Task item —
Please find the line that holds "Pink t-shirt with" below and reproduce it, along with every line after it through the end, exactly and without pictures.

::::::::

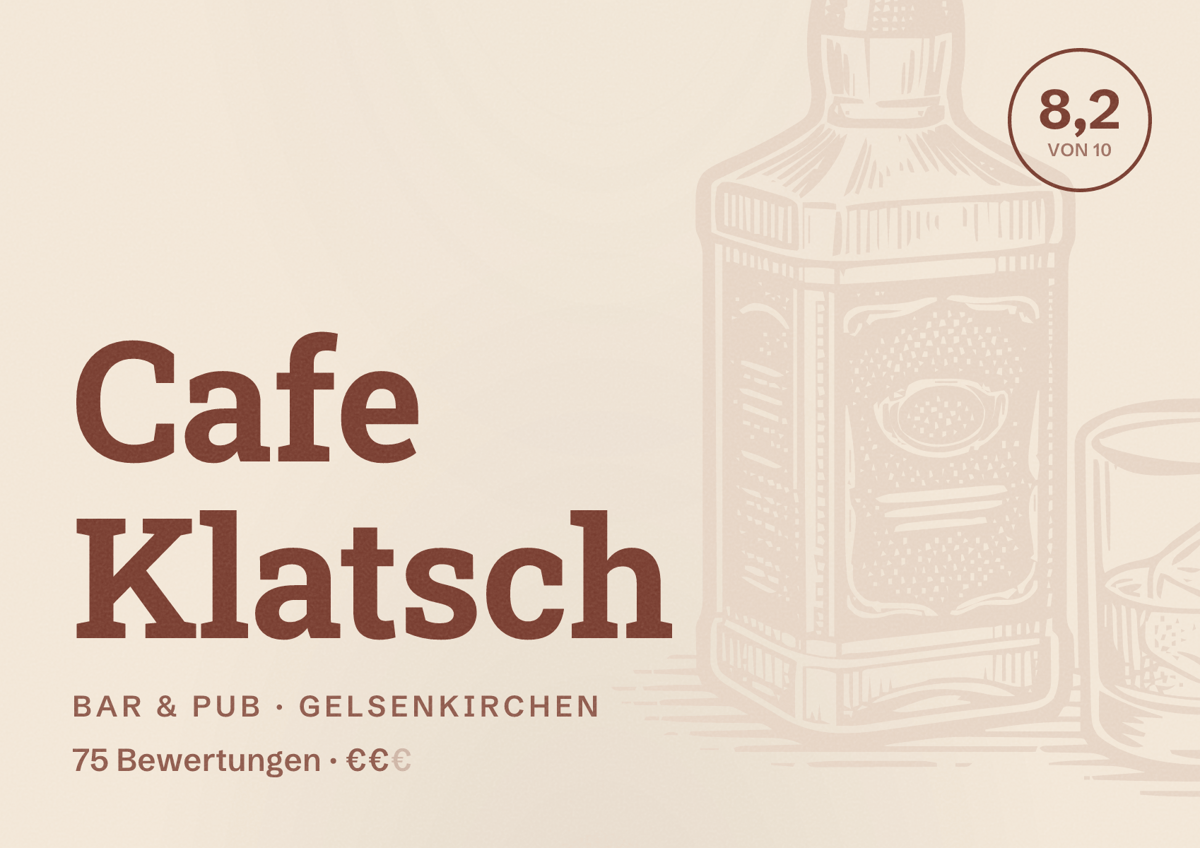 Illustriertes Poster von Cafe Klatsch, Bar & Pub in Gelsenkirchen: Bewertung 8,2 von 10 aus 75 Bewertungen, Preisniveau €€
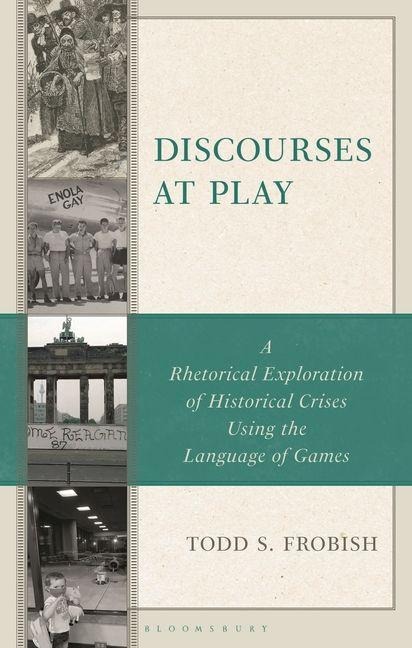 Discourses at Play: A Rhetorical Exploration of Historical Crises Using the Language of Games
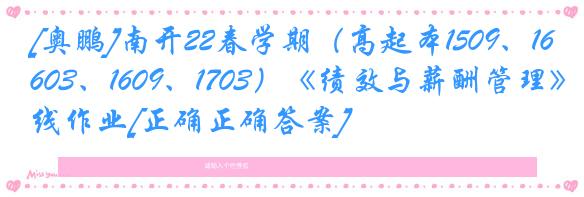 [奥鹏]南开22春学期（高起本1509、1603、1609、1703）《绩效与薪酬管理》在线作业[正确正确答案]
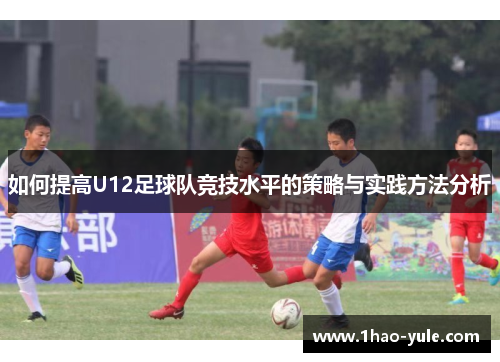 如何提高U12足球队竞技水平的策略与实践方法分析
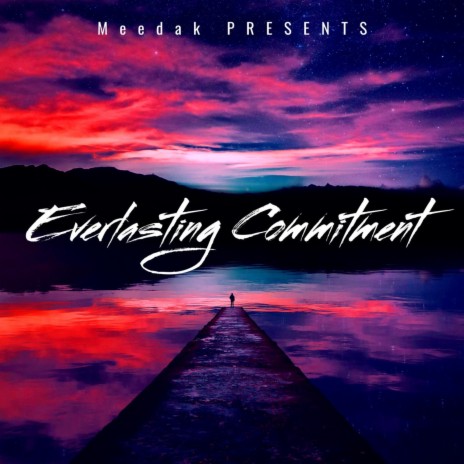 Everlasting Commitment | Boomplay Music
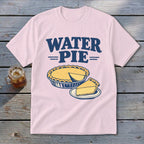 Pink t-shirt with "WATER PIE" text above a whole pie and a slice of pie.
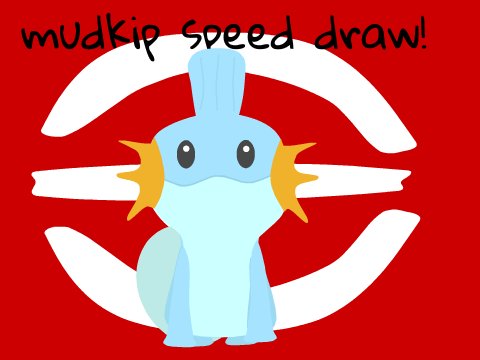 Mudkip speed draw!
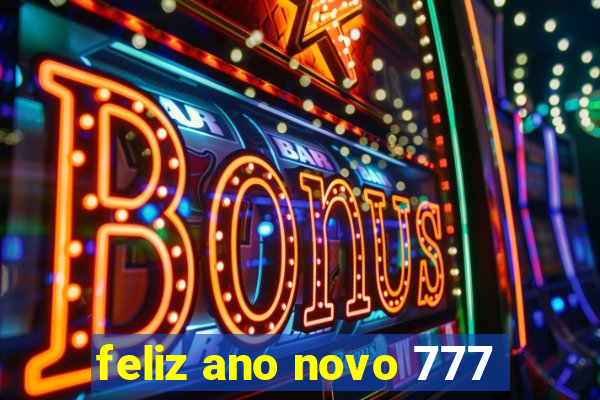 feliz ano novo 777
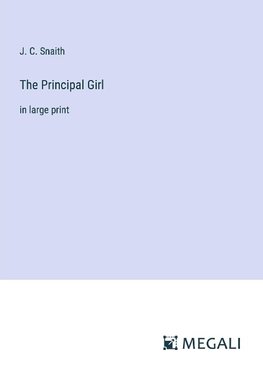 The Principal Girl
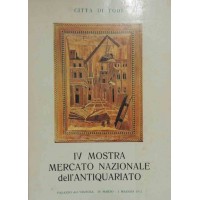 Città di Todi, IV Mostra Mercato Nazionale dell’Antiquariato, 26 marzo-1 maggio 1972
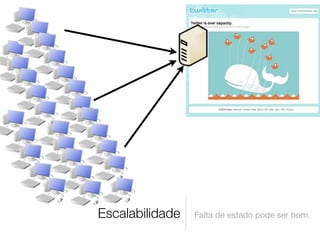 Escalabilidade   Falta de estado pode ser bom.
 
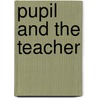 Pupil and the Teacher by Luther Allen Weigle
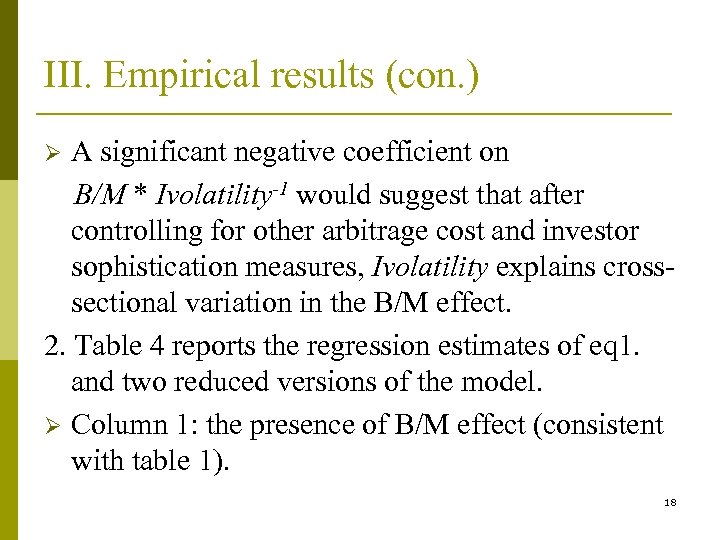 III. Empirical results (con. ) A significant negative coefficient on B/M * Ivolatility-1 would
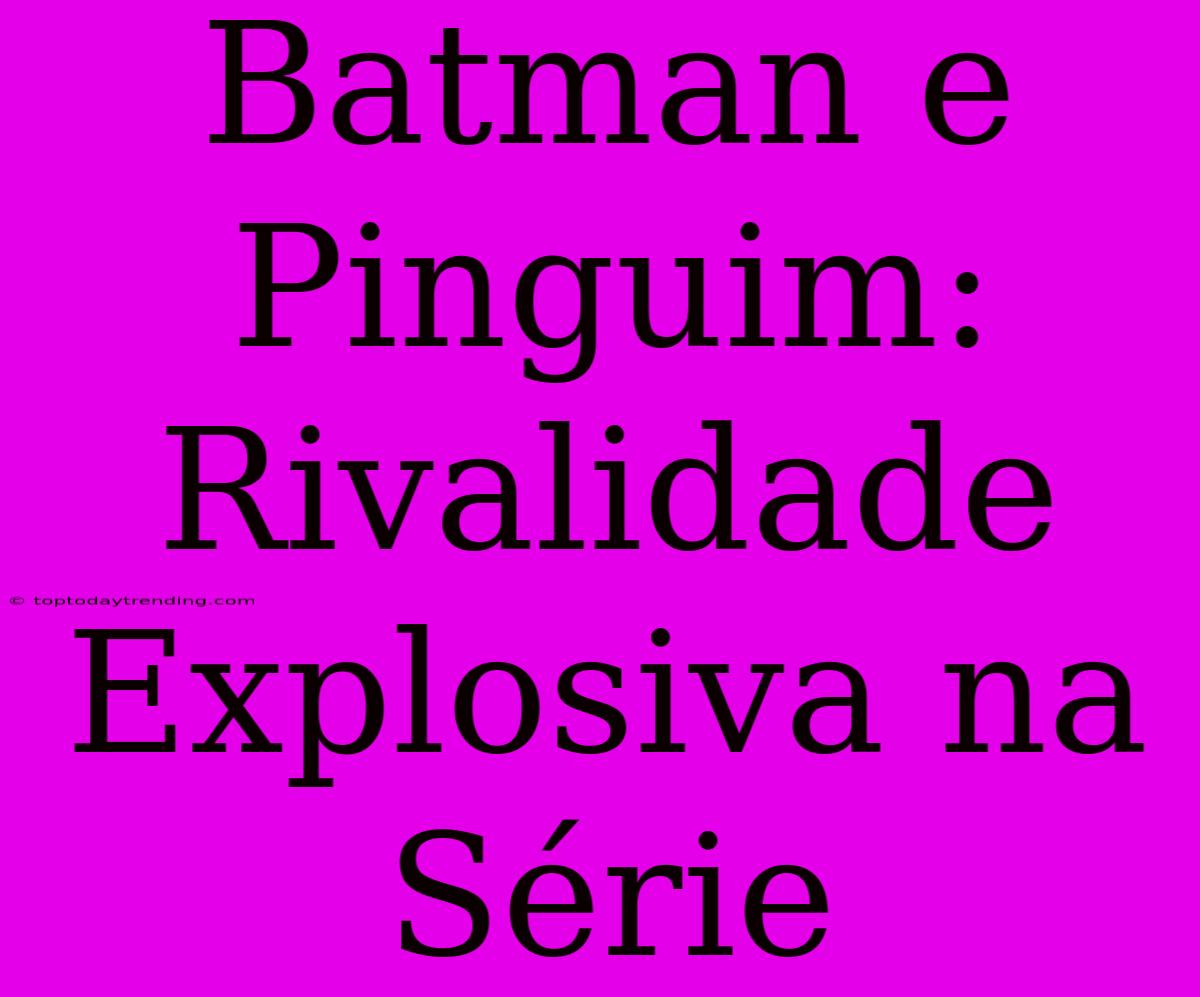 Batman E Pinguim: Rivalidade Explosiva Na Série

::::::::

Solution to the problem —
 Pink t-shirt with "WATER PIE" text above a whole pie and a slice of pie.
 Mudkip speed draw!
 feliz ano novo 777
 The Principal Girl
 Città di Todi, IV Mostra Mercato Nazionale dell’Antiquariato, 26 marzo-1 maggio 1972
 Escalabilidade   Falta de estado pode ser bom.
 
 Pupil and the Teacher by Luther Allen Weigle
 III. Empirical results (con. ) A significant negative coefficient on B/M * Ivolatility-1 would
 Batman E Pinguim: Rivalidade Explosiva Na Série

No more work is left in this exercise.